Signal 3: Practitioners are passionate about the domain, and have a personal connection with it, but may be working in relative isolation. One or several persons have a vision that working together may catalyze innovation.
Signal 4: There is already an informal network around the domain of the community, but there is no effort to systematically exchange and generate knowledge. There are possibilities to improve knowledge creation and innovation in practice.
In case of organisational CoPs, you could add a fifth signal:
Signal 5: The domain of the CoP is of strategic importance for the mission of the organisation
Any ideas?
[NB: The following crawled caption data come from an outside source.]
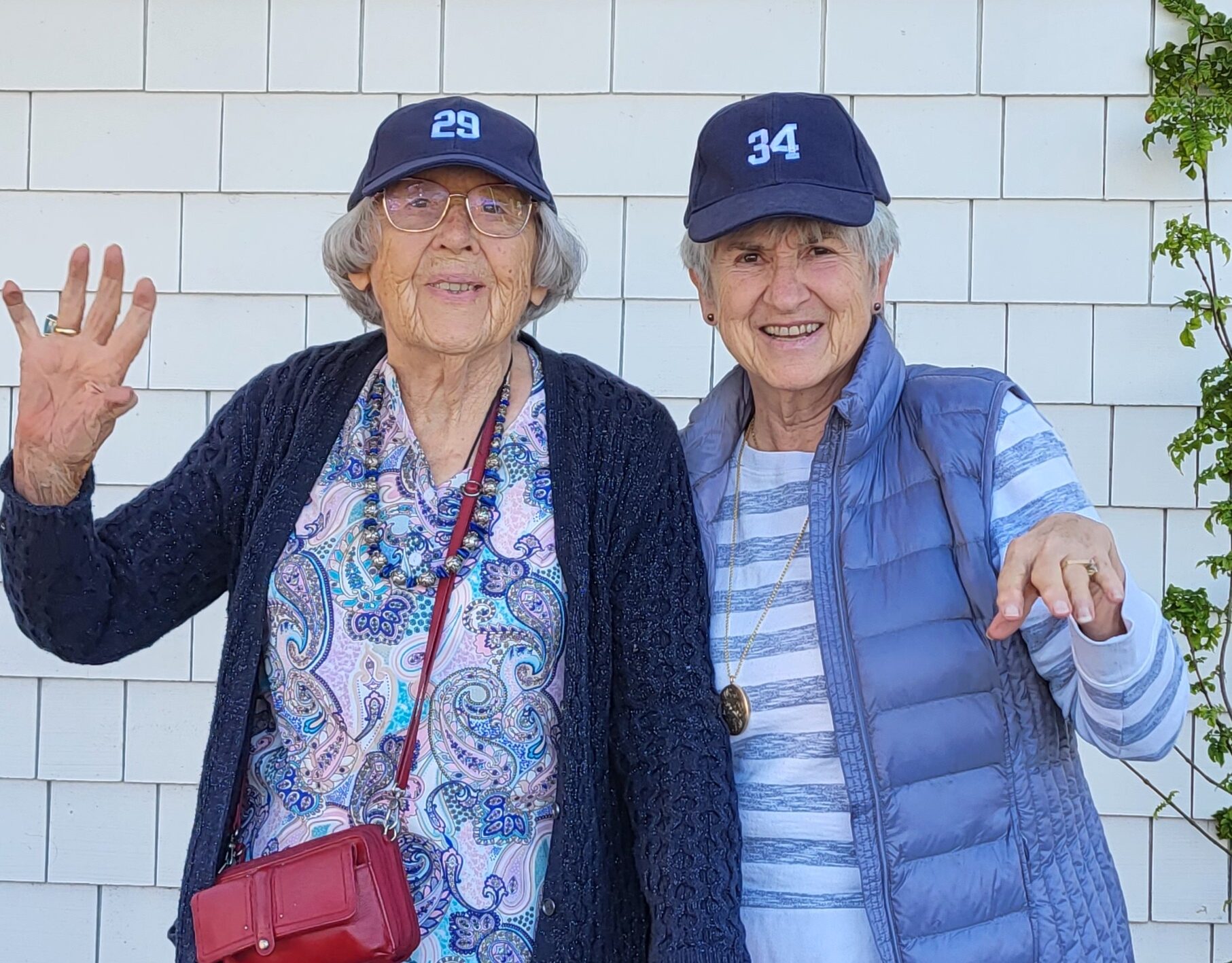 Two women in baseball caps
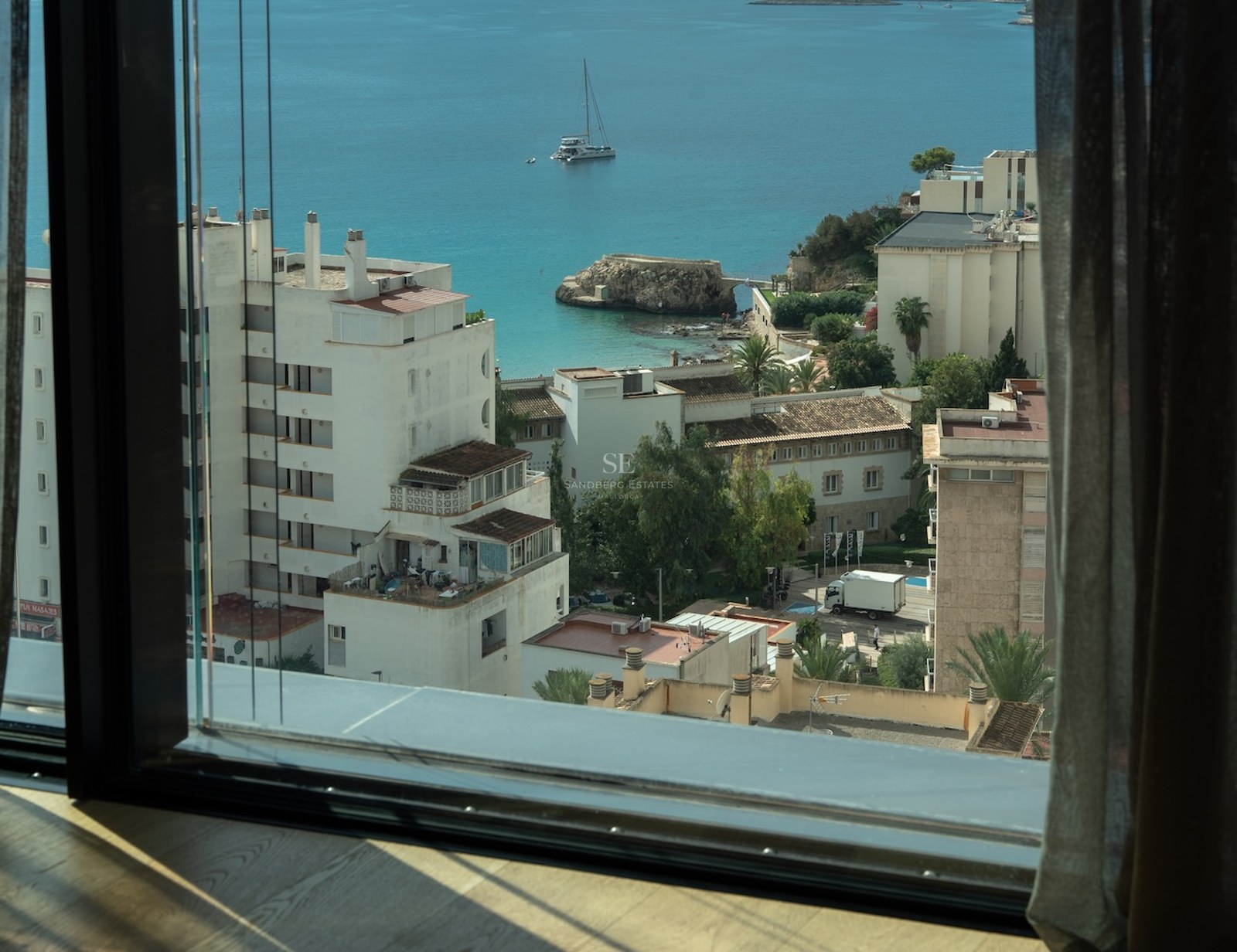 View from a modern window overlooking a turquoise bay with a sailboat and white Mediterranean buildings.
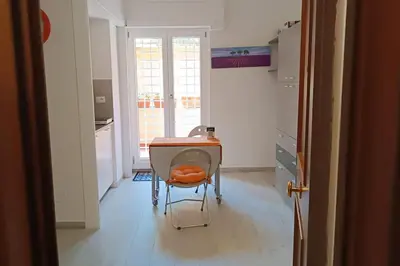 a kitchen with a table and a chair in a room at Vatican tiny house by Gialel in Rome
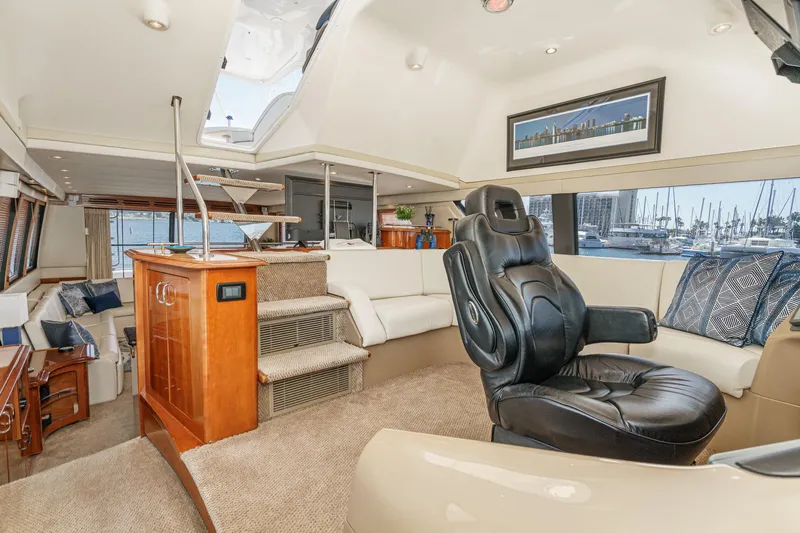  Yacht Photos Pics Luxurious interior of 2003 Carver 570 Voyager Pilothouse with leather seating and elegant decor.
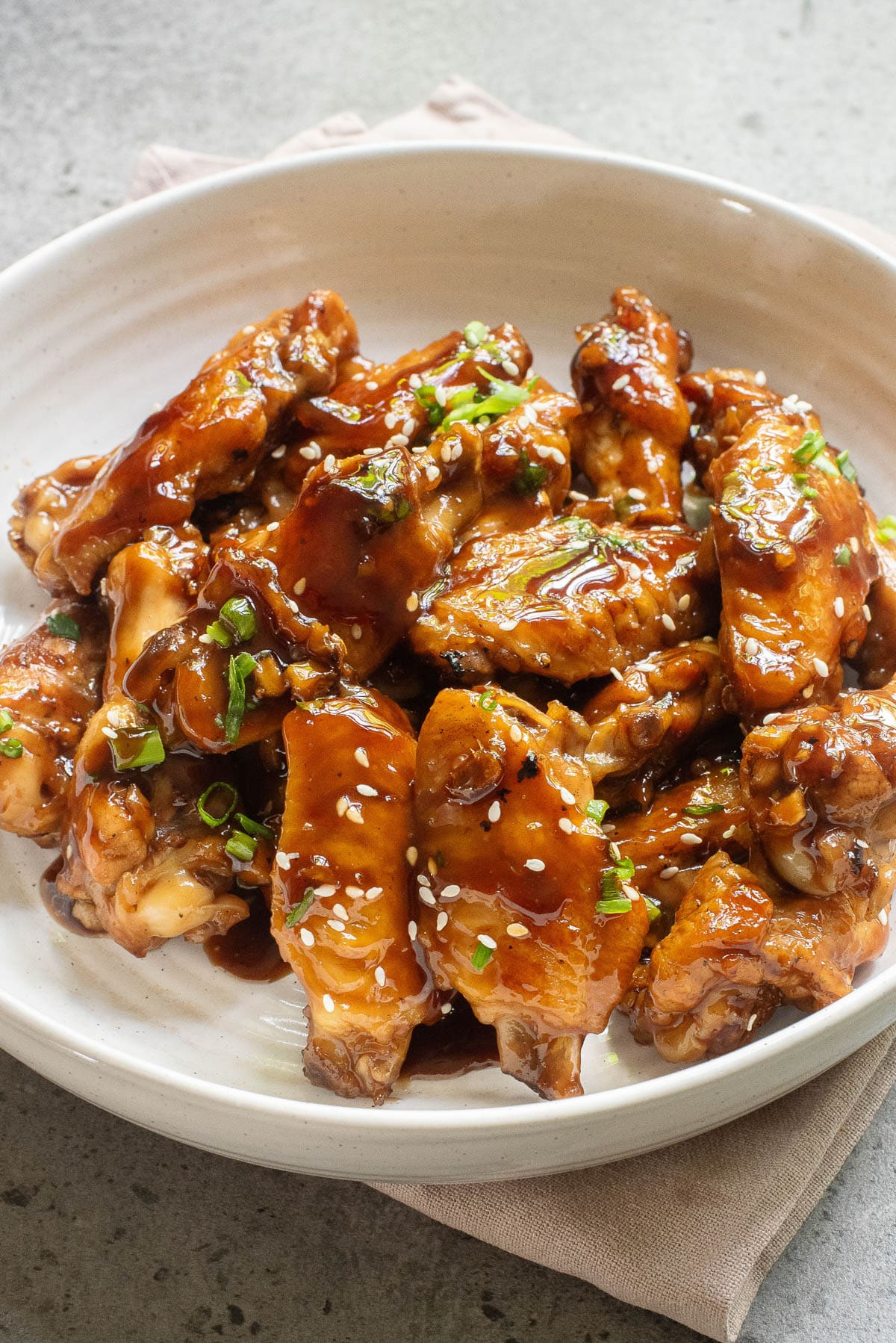 Saucy chicken wings in a white bowl with sesame seeds and green onions.
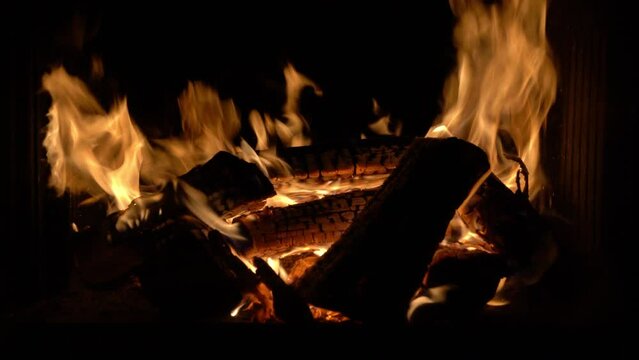 Beautiful shot of camp and fireplace fire burning in the dark at night.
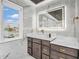 Bright bathroom featuring marble walls, custom dark cabinets with gold hardware, and a modern, lighted mirror at 6044 Shallow Crk Ln, Indianapolis, IN 46237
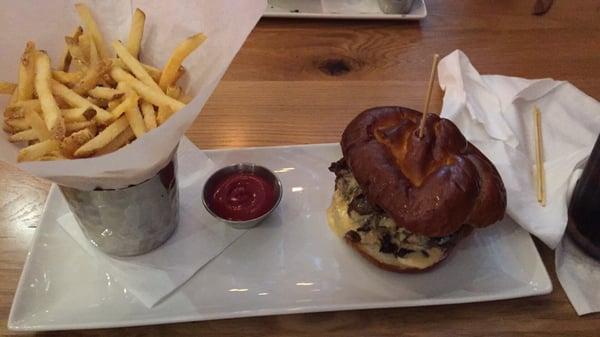 Parmesan fries with PhiliSteak burger on a pretzel roll.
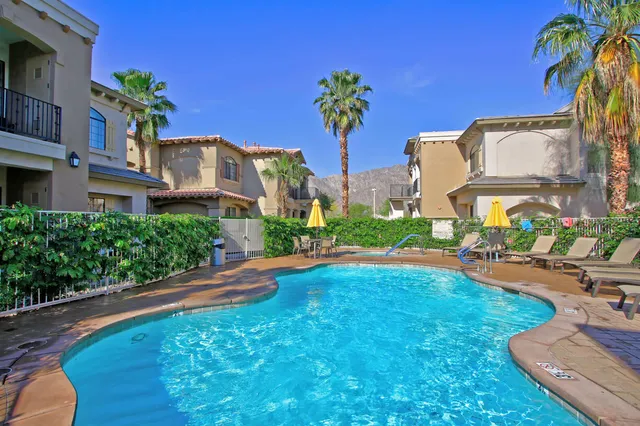 a front view of a house with swimming pool having outdoor seating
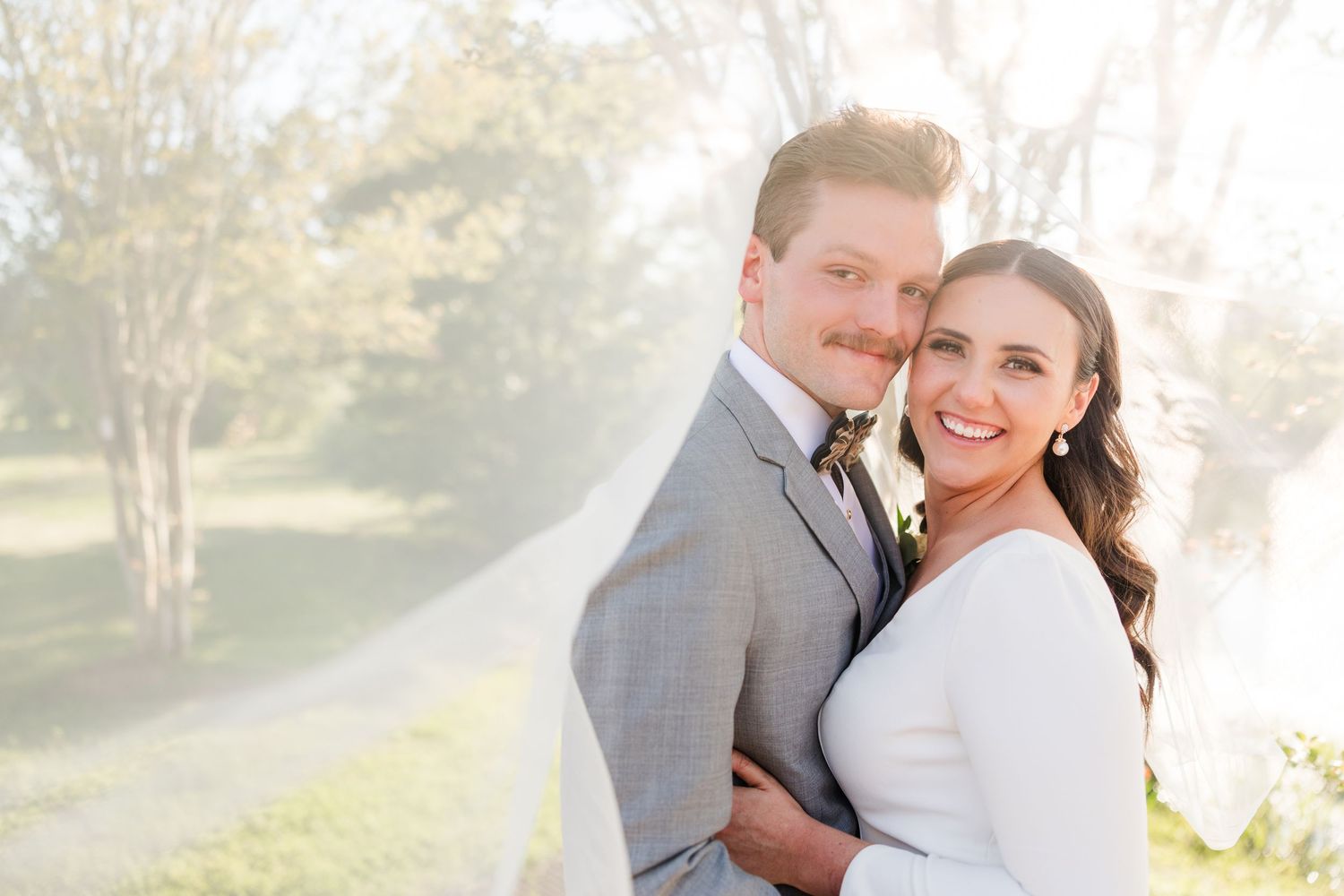 Sunlit wedding portraits captured in natural outdoor setting.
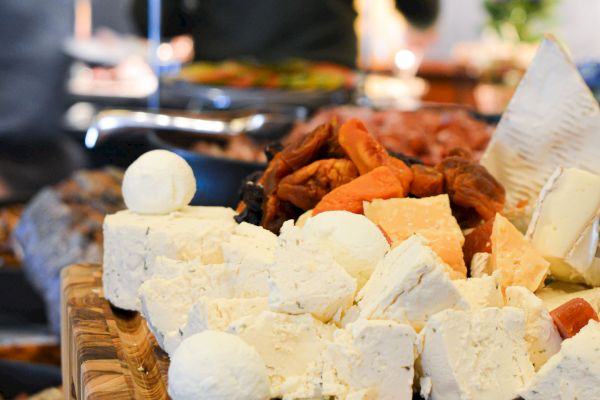 An assortment of cheeses on a wooden board, accompanied by dried fruits, displayed on a table in a buffet setting.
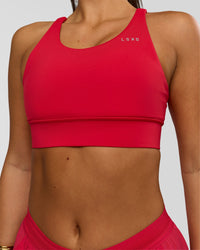 Woman wearing Accelerate Sports Bra - Scarlet | Model:Bianca | Size:S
Do you need a Yes to all signals in order to invest or are there situations where you can work on a CoP without one of these germinal forces?
If we would use these signals to analyze the germinal force for a community of practice about communities of practice in the netherlands, you can say that signals 1, 3 and 4 are strong, but signal 2 is weak, there isn't really an organisation or actor with a strong interest to innovate CoP practices within the Netherlands.
Saturday, June 07, 2008
The lion and the hunter
I found this image on the weblog of my friend Denise who lives in Ghana and she gave me permission to use it. The picture is taken at a mural at Fort Prinzenstein an old slave fort located near the Keta Lagoon Volta Region, Ghana. During my time in Ghana, I enjoyed the lively metaphors my colleagues were using. Unfortunately I didn't write them down. Often there were animals involved. I enjoy this one because it highlights the subjectivity in stories and that there are always different perspectives to take.